- **What to produce**:
The required result is an exact copy of every line from the one with "Karbonovy bicykel kemo + kolesa - 2" through the last line below, with the pictures left out.

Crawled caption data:
>>>
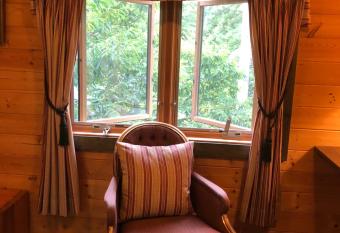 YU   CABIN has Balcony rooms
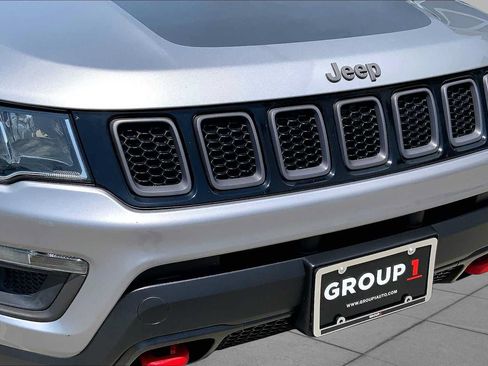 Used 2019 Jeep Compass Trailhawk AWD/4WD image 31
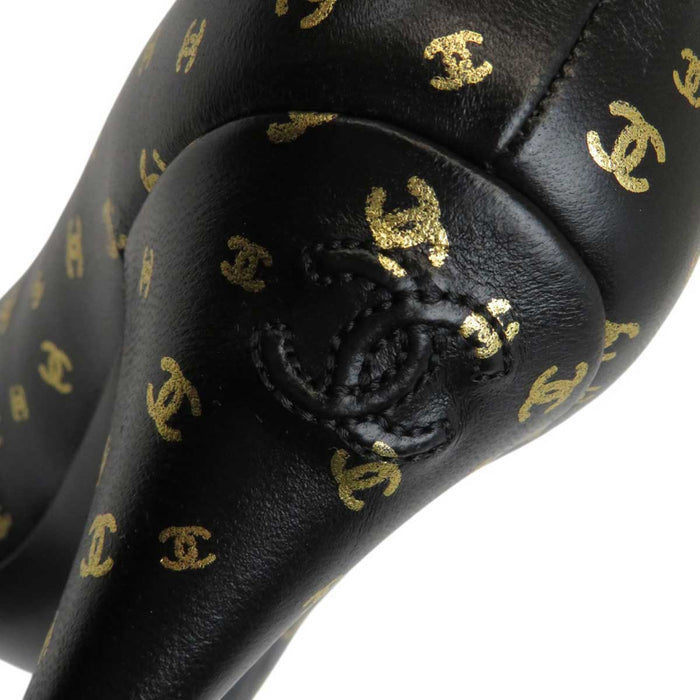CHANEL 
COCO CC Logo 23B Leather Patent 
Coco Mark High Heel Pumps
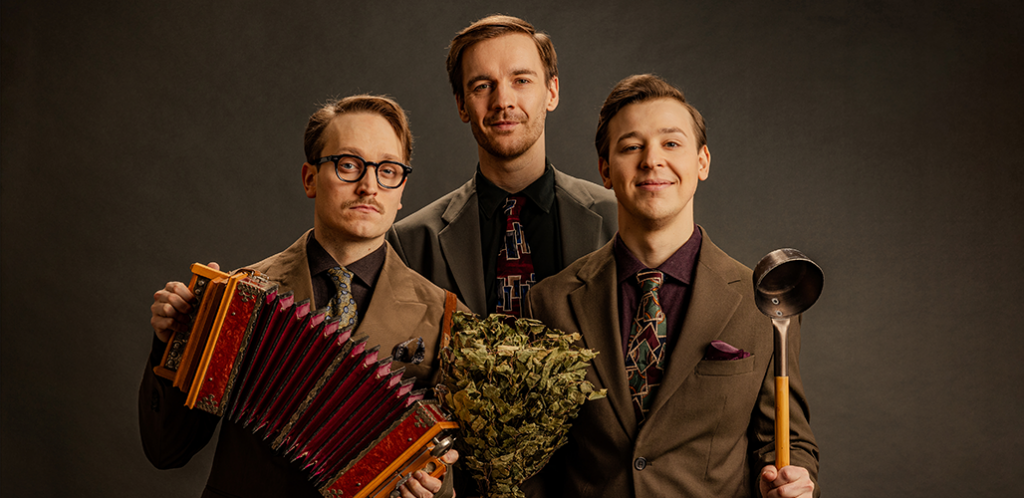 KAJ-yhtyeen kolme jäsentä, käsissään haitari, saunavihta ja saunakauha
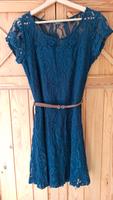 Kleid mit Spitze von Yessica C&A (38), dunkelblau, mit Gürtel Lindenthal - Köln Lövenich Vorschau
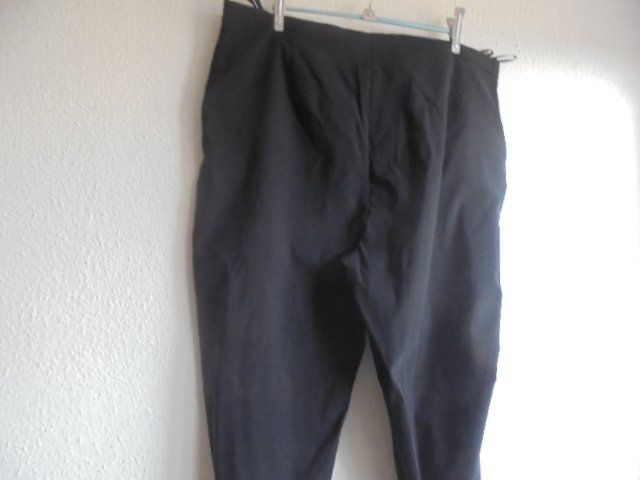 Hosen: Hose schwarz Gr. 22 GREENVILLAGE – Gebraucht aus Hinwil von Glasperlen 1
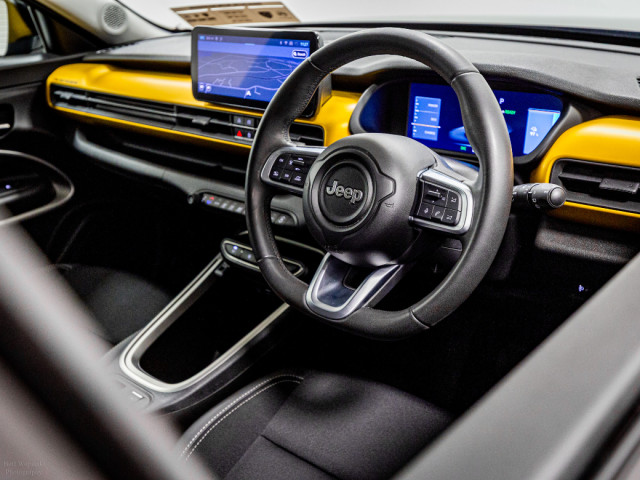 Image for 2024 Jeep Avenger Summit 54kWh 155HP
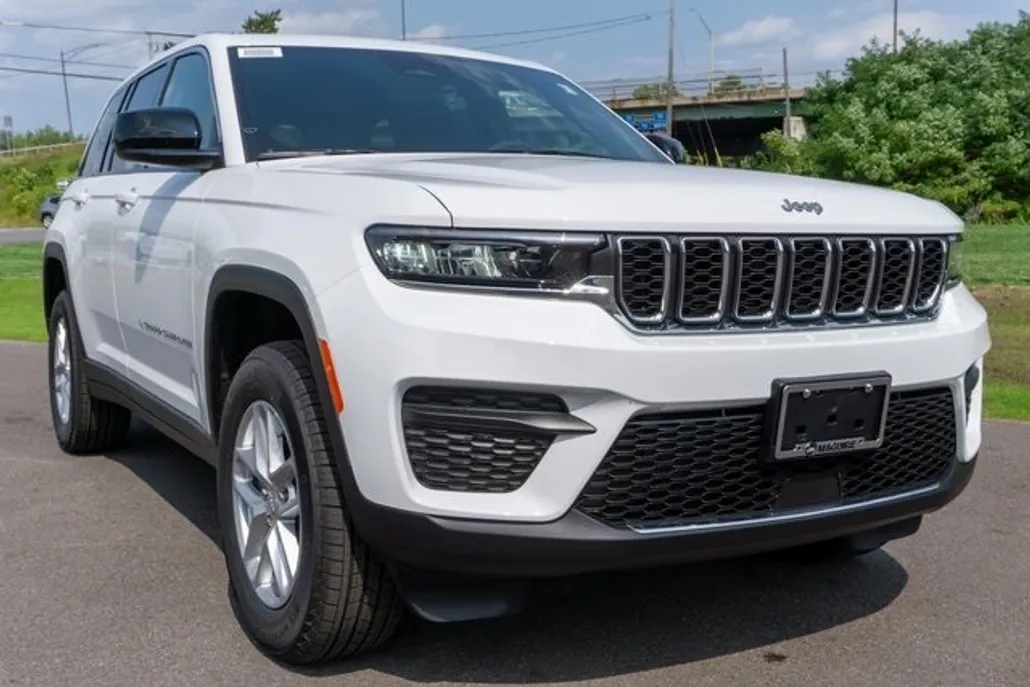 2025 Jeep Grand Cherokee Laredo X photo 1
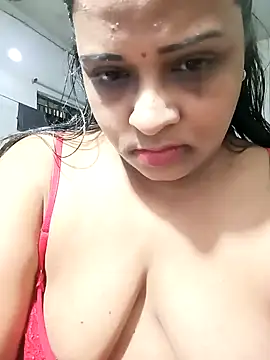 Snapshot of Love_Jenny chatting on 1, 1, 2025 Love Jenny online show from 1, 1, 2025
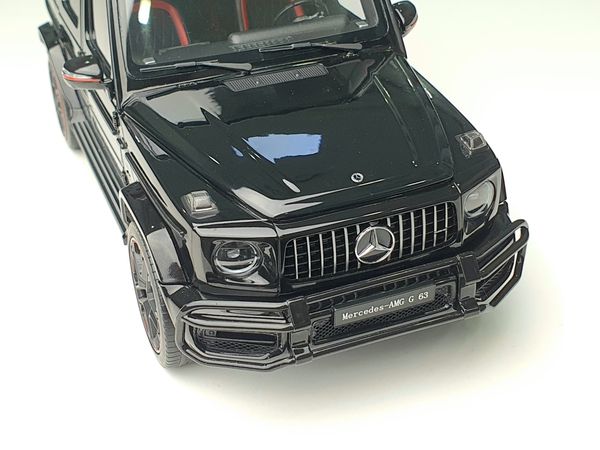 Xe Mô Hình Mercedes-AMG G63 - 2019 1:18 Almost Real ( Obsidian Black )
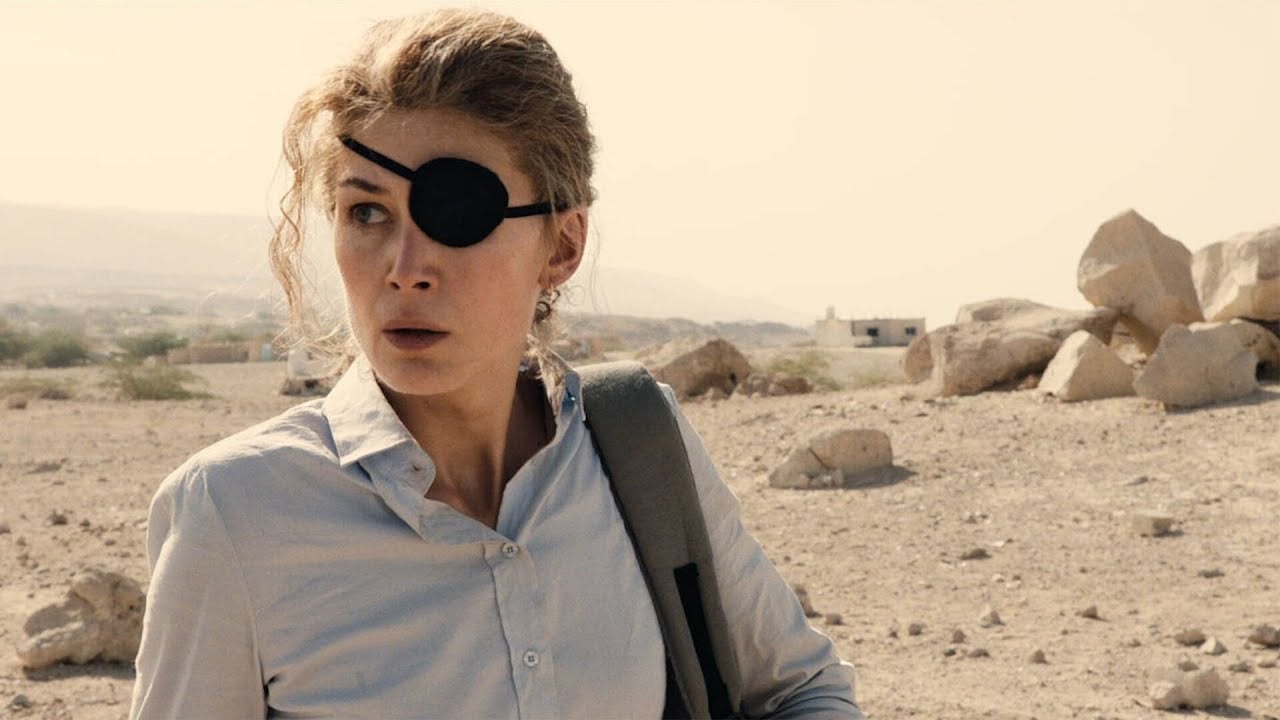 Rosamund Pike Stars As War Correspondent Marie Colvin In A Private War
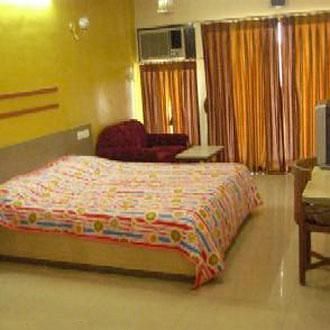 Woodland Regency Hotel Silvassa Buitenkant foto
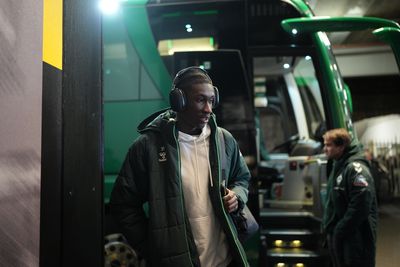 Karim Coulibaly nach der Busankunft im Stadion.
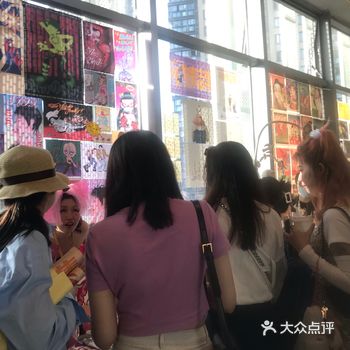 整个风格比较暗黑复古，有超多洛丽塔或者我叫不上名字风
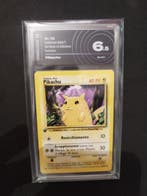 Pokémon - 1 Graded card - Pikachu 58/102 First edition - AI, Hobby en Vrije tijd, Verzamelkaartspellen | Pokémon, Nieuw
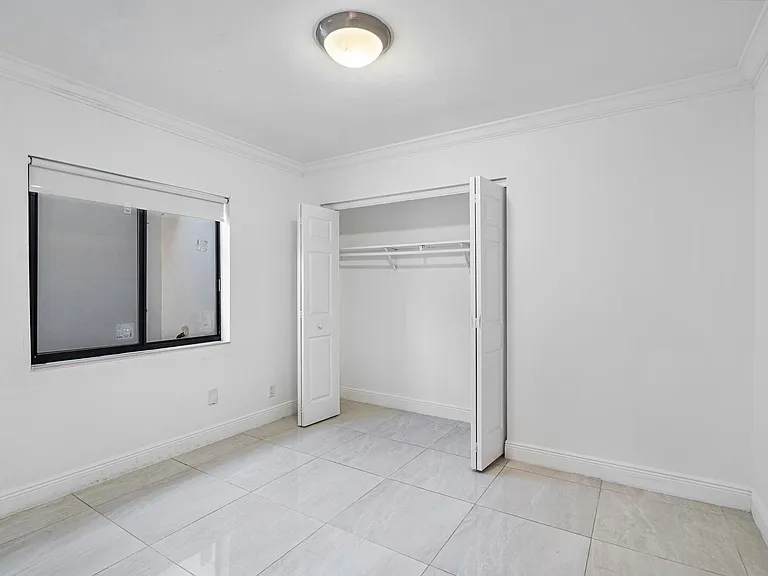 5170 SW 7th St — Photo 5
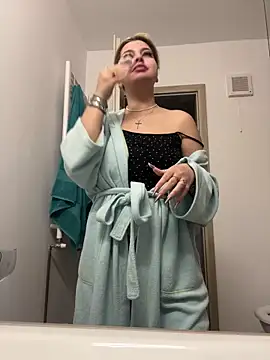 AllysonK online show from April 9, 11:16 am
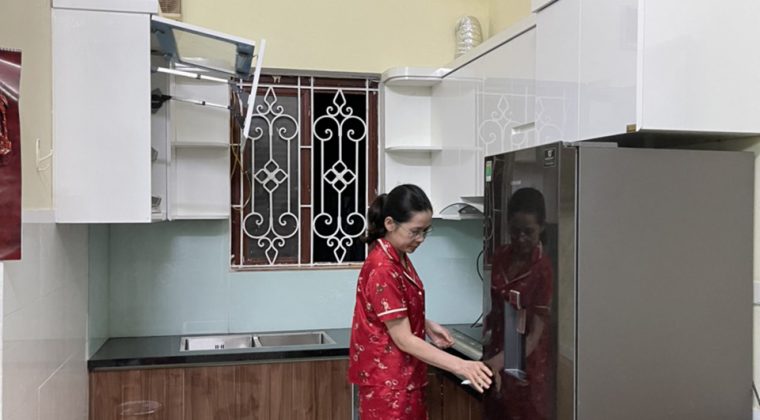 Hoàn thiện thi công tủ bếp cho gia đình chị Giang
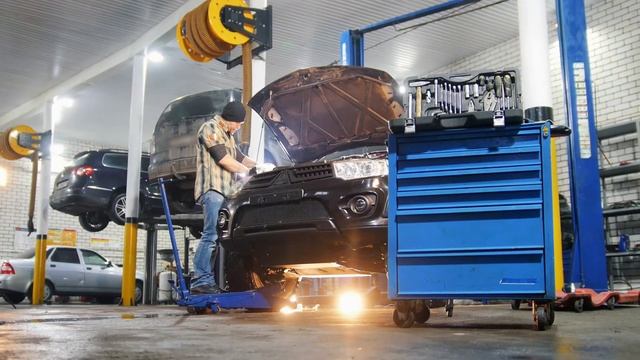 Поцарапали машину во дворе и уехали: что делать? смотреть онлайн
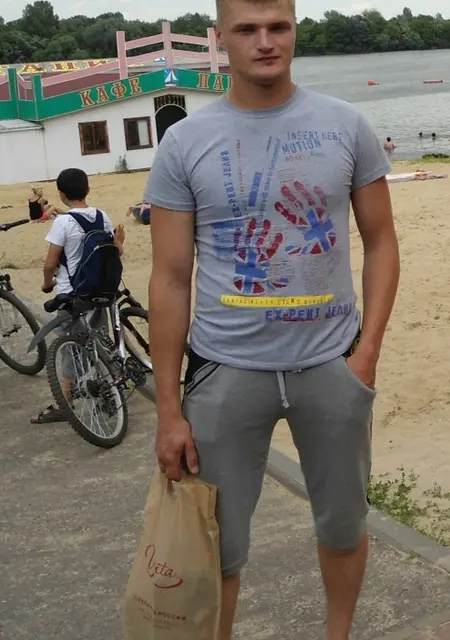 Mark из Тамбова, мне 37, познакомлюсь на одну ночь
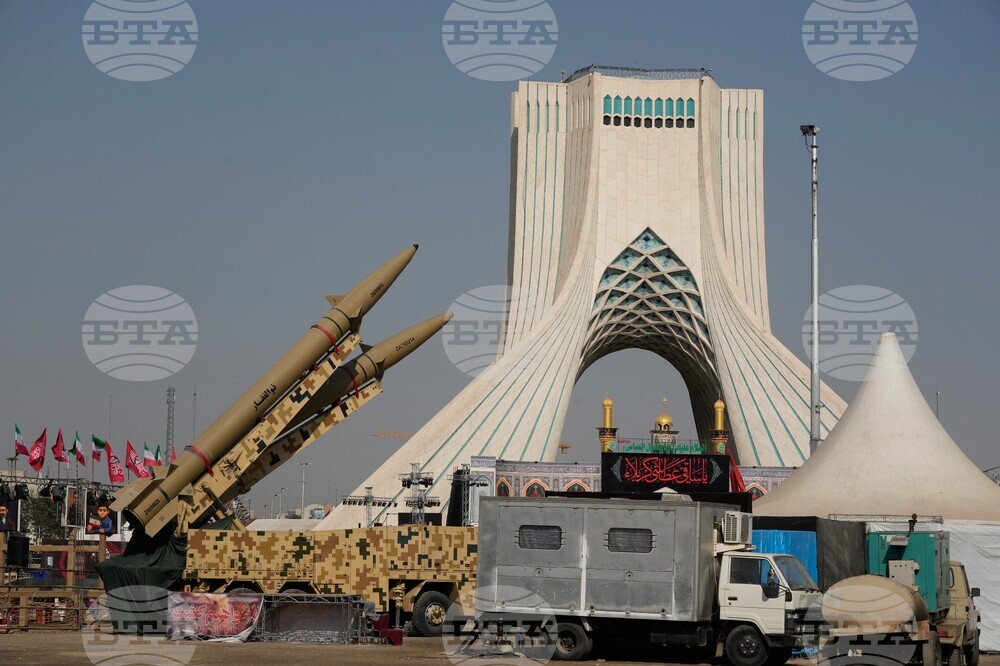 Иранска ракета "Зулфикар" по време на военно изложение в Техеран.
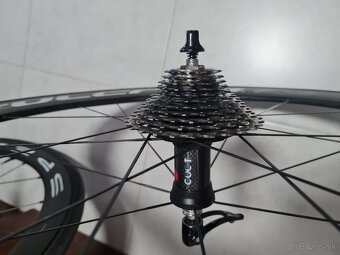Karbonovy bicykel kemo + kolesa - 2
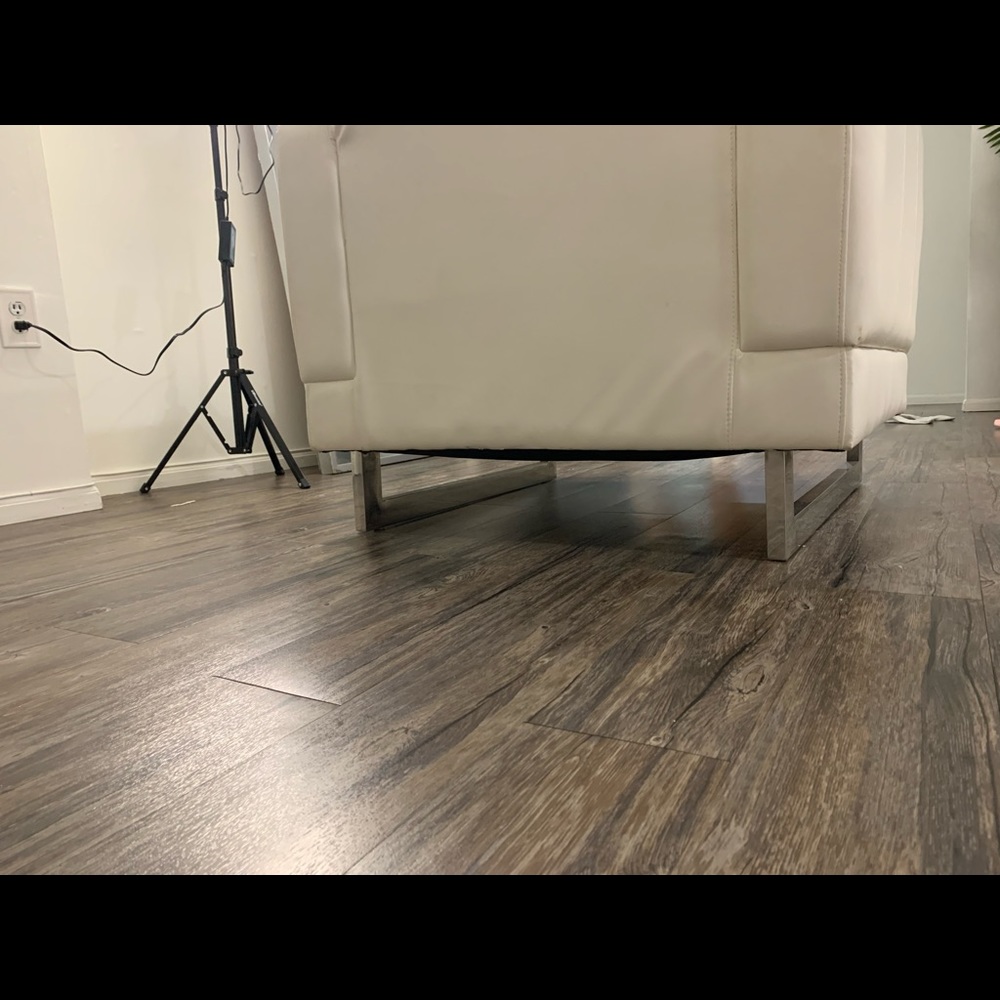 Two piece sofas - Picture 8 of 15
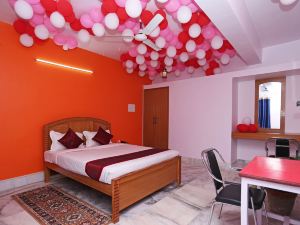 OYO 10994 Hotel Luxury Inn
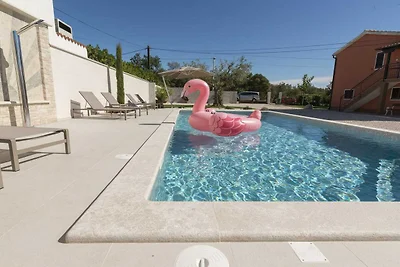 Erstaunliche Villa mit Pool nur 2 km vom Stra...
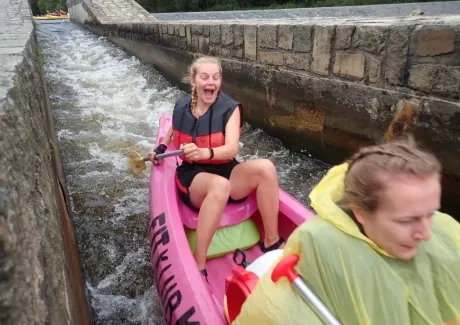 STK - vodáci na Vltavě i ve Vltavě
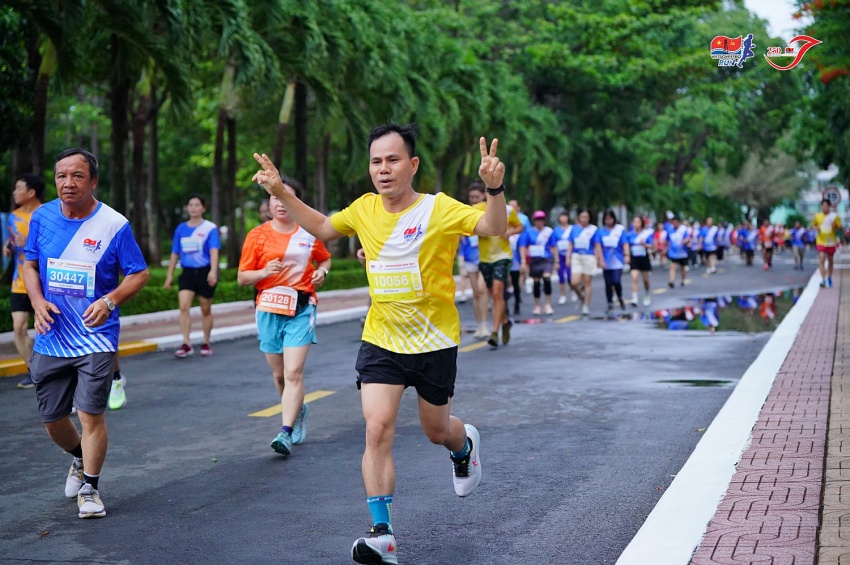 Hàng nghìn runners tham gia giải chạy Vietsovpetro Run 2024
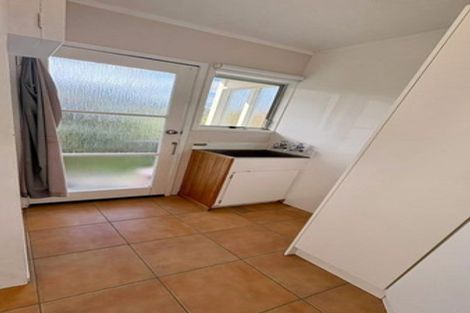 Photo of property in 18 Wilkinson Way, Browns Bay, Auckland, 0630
<<<
- **Solution to the problem**:
Karbonovy bicykel kemo + kolesa - 2
 Two piece sofas - Picture 8 of 15
 OYO 10994 Hotel Luxury Inn
 Erstaunliche Villa mit Pool nur 2 km vom Stra...
 STK - vodáci na Vltavě i ve Vltavě
 Hàng nghìn runners tham gia giải chạy Vietsovpetro Run 2024
 Photo of property in 18 Wilkinson Way, Browns Bay, Auckland, 0630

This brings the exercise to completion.